The capacity needed to balance the G20’s switch to grids powered by intermittent renewables must come from two key technologies: 2,594 GW of energy storage and 933 GW of flexible gas power capacity, capable of running on future fuels. Future fuels can be produced during periods when renewables produce more electricity than is needed.
Sushil Purohit, President, Wärtsilä Energy, says, “Last month’s UN climate report gives a clear message for G20 leaders: to decarbonise at the lowest cost, high levels of renewable energy must be scaled up by 2030. What we have learned from modelling over 145 countries and regions in our Atlas of 100% Renewable Energy is that power systems with high levels of renewables need a significant amount of flexibility, through energy storage and gas balancing technology, to achieve the transition to 100% renewable energy future.”

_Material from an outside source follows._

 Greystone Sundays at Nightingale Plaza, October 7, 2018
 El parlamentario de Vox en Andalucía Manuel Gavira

To meet the clear global need for grid flexibility, Wärtsilä’s grid balancing technology is part of a portfolio of products designed to cost effectively accelerate the energy transition. The portfolio consists of power plants, energy storage and energy management systems. The first power plant solution in the portfolio is powered by the upgraded Wärtsilä 34SG Balancer engine, optimised for renewable baseload markets; an agile, fast-starting gas engine capable of ramping up to 10.8 MW in two minutes to seamlessly integrate with renewables. The power plant solution is based on lean design, and it can be equipped with features such as unmanned standby, remote control capabilities, 24/7 data streaming and dynamic power management. Optimised performance and reliability is supported by Wärtsilä Lifecycle solutions.
Wärtsilä’s power plant gas engines can currently run on natural gas, biogas, synthetic methane or hydrogen blends. The company is actively developing the combustion process to allow the burning of 100% hydrogen and other future fuels. Wärtsilä has a long track record of successful fuel conversions for the global installed engine base.

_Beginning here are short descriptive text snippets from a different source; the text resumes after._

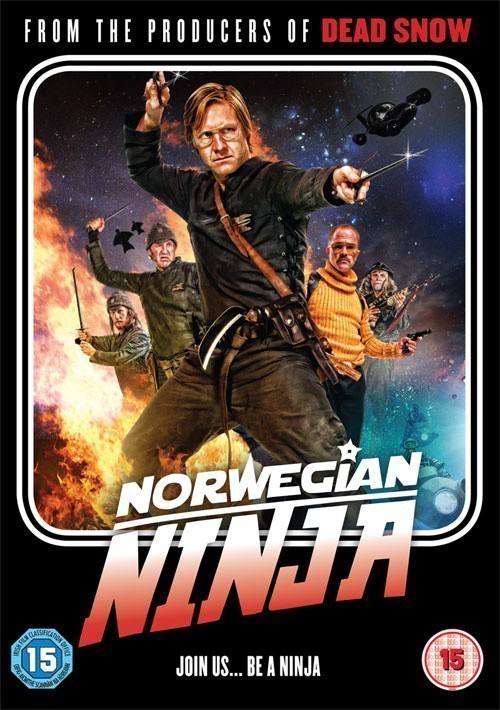 Кроме трейлера фильма Комната с видом на огни, есть описание Норвежский ниндзя.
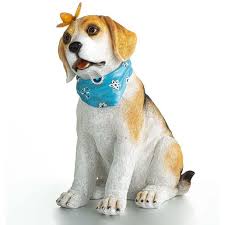 Free delivery and returns on ebay plus items for plus members. Plow Hearth Beagle Puppy With Solar Butterfly Garden Statue Target
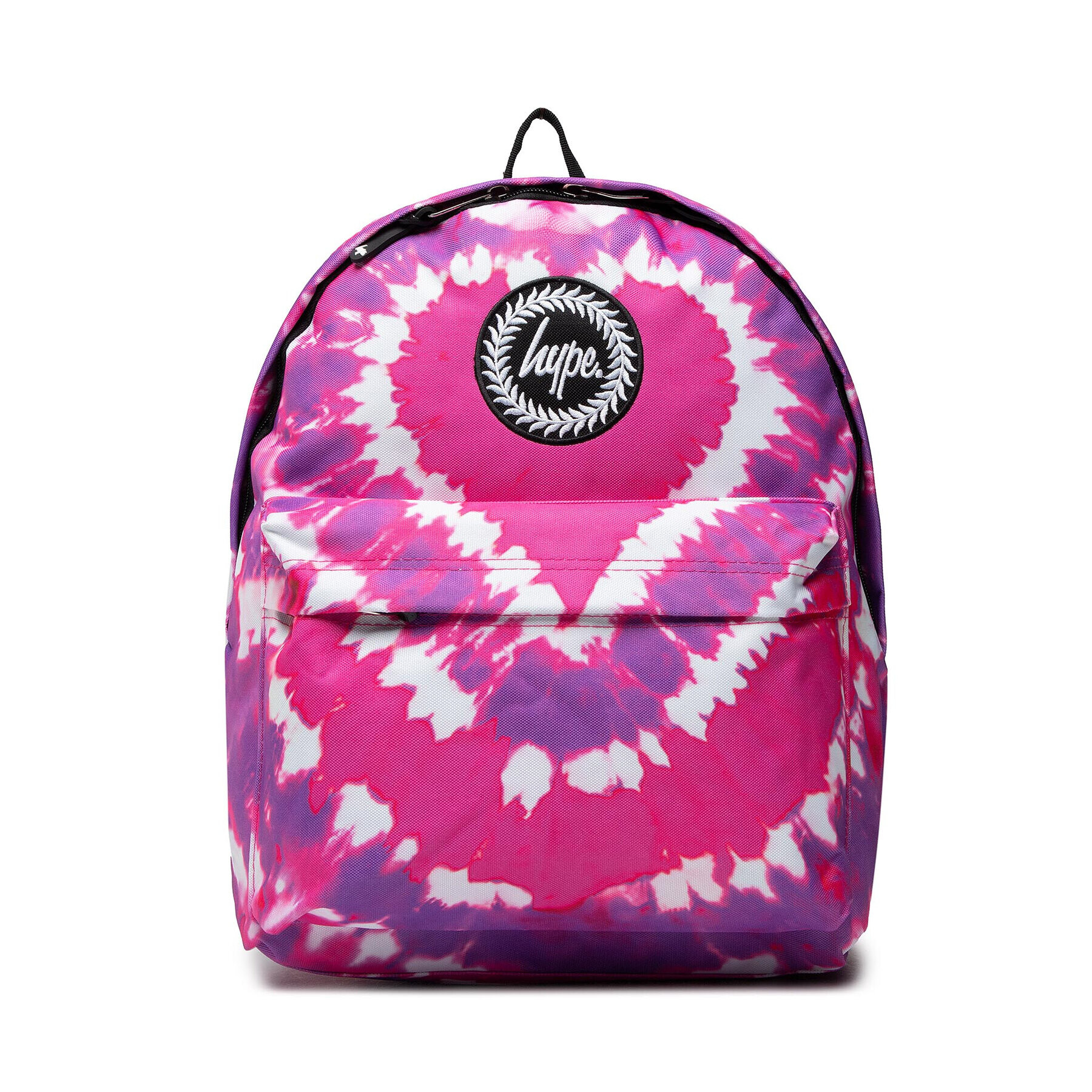 HYPE Rucsac Heart Hippy Tie Dye TWLG-784 Roz - Pled.ro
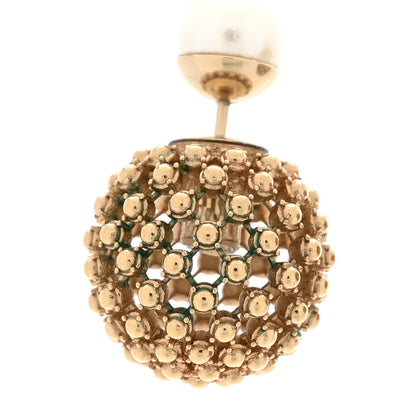 Christian Dior Pearl Mise En Dior Tribales Earrings Gold 5 of 5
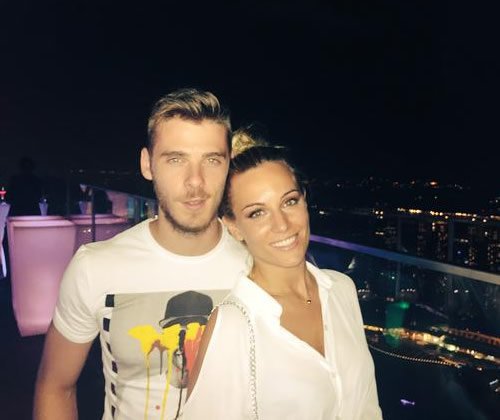 Man Utd star shares romantic holiday snap with his girlfriend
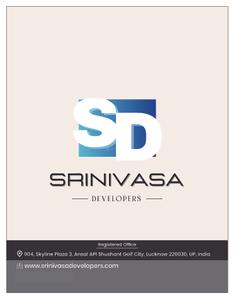 Image of 788 Sq.ft Residential Plot / Land for sale in Srinivasa City, Nizampur, Lucknow for Rs. 2250000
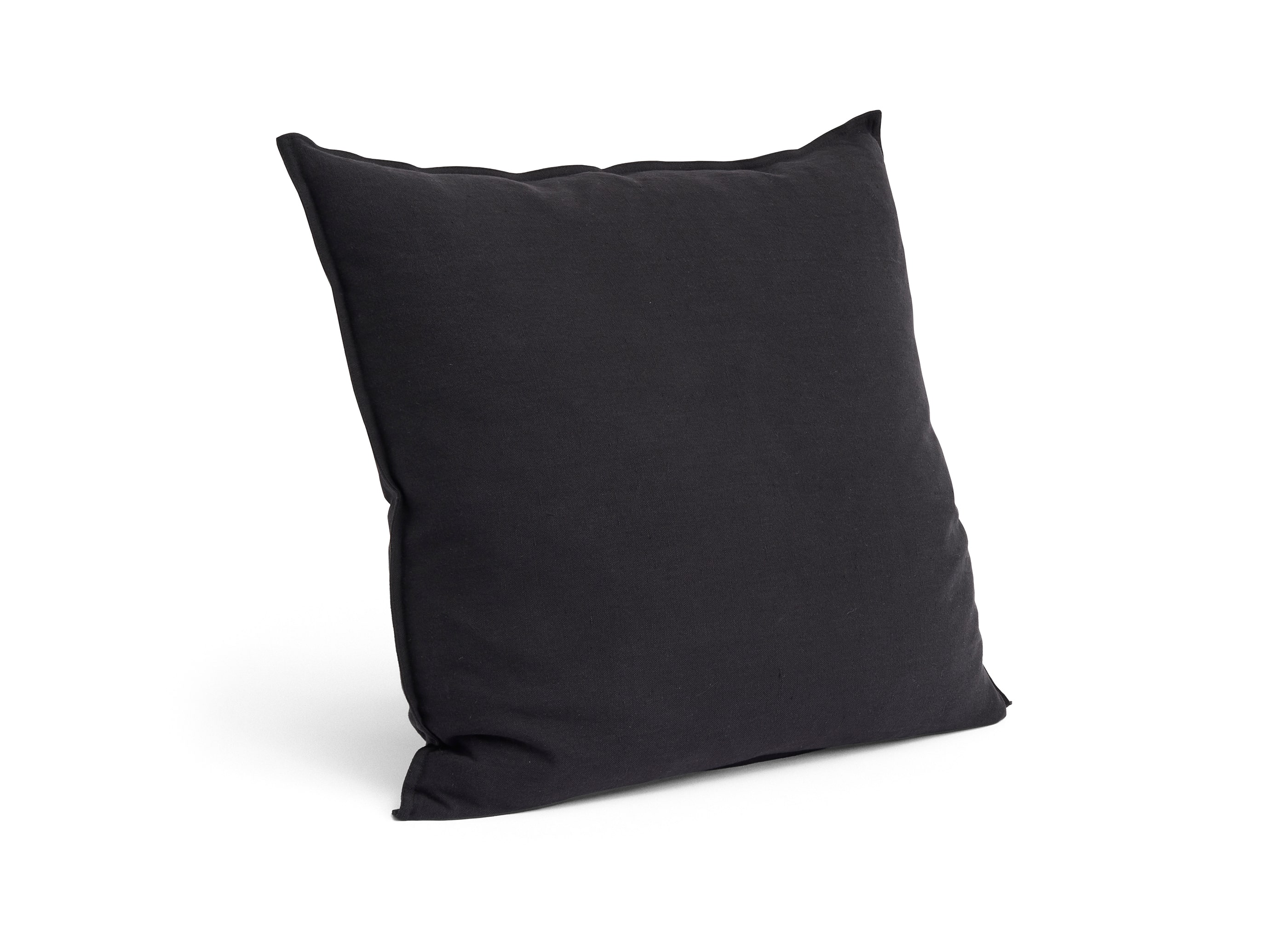 北欧暮らしの道具店　リネン　black LINEN CUSHION 60 x 60｜北欧デンマーク インテリアブランドの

Alongside the power plant solution, Wärtsilä offers its fully integrated GridSolv energy storage technology, designed for ease of deployment and sustainable energy optimisation, and its GEMS Digital Energy Platform. GEMS dynamically optimises energy systems through a broad range of applications, like frequency regulation, to create revenue streams and enhance grid/system resilience.
Jukka Lehtonen, Vice President for Technology & Product Management at Wärtsilä Energy, says, “Currently, the industry is in a challenging situation. Investments need to be made today even if visibility of the future is not fully clear. We have developed, in an agile manner, a solution based on existing, proven technology which is future-proof and flexible. The solution can be adapted to different operational profiles and running hours, along with evolving needs of the system. Using our solution, renewables can be integrated seamlessly into different energy mixes as they become available.”
According to Wärtsilä’s Atlas of 100% Renewable Energy modelling, the lowest-cost 100% renewable system would require 12,900 GW of electricity production capacity across the G20 by 2030, dominated by wind and solar. A significant degree of overcapacity is needed to account for the variability of wind and solar generation. Excess electricity can then be utilised to produce future fuels with Power-to-X technology. The modelling finds that balancing the intermittency of the renewable production with a combination of flexible gas and energy storage would be 38% cheaper for the G20, in comparison to relying on energy storage alone.